Weidels geplanter Vorredner Kleinwächter zeigte sich darin empört wegen der Gefahr, in der sich Weidel vorgeblich befand. Auch er behauptete, dass die Polizei Frau Weidel das Haus nicht verlassen ließe und verglich Weidel sogar mit politischen Gefangenen der DDR: „Sie wurde von zuhause evakuiert, in ein Safehouse gebracht und kann das Haus nicht verlassen. Hausarrest für einen politisch missliebigen Kandidaten – das gab es zuletzt vor der Teilung!“.
Weidel auf Malle
Statt sie also live zu sehen, musste sich das Publikum mit einer Videobotschaft Weidels begnügen, in der sie beteuerte: „Ich würde nichts lieber tun, als heute bei euch zu sein, aber ich kann es leider nicht“. Laut Informationen des Spiegel hielt Weidel sich am 3. Oktober jedoch nicht in einem Safehouse auf, sondern war im Urlaub auf Mallorca.
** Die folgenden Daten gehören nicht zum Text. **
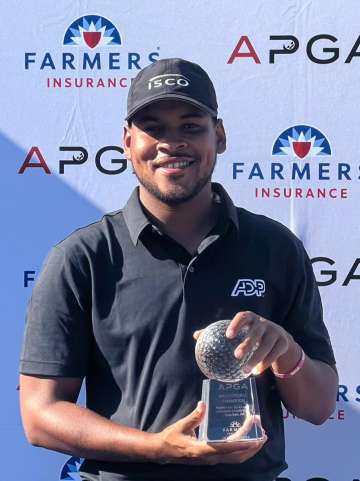 Marcus Byrd displays his APGA Tour Valley Forge trophy after winning the second annual championship Wednesday at Bluestone Country Club in Blue Bell, Montgomery County, PA.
Weidel und ihre Lebensgefährtin waren in einer Ortschaft der mallorquinischen Ostküste an einem Strandrestaurant gesehen worden.
Auf Anfrage des Spiegel bestätigte Weidels Büro ihren Aufenthalt auf der spanischen Ferieninsel. Allerdings habe es tatsächlich einen sicherheitsrelevanten Vorfall gegeben, nämlich am 23. September. Die Familie sei der Empfehlung gefolgt, sich nicht in ihrer häuslichen Umgebung aufzuhalten.
Anfragen, seit wann Weidel auf Mallorca sei, wann der Urlaub geplant wurde und inwiefern ein Urlaub mit dem Besuch öffentlicher Restaurants mit einer gefährlichen Sicherheitslage vereinbar sei, wurden nicht beantwortet. Wie aus dem Plenarprotokoll des Bundestags hervorging, nahm Weidel außerdem am 29. September an einer Bundestagssitzung teil – also bereits nach dem „sicherheitsrelevanten Vorfall“, jedoch vor dem abgesagten Auftritt in Mödlareuth.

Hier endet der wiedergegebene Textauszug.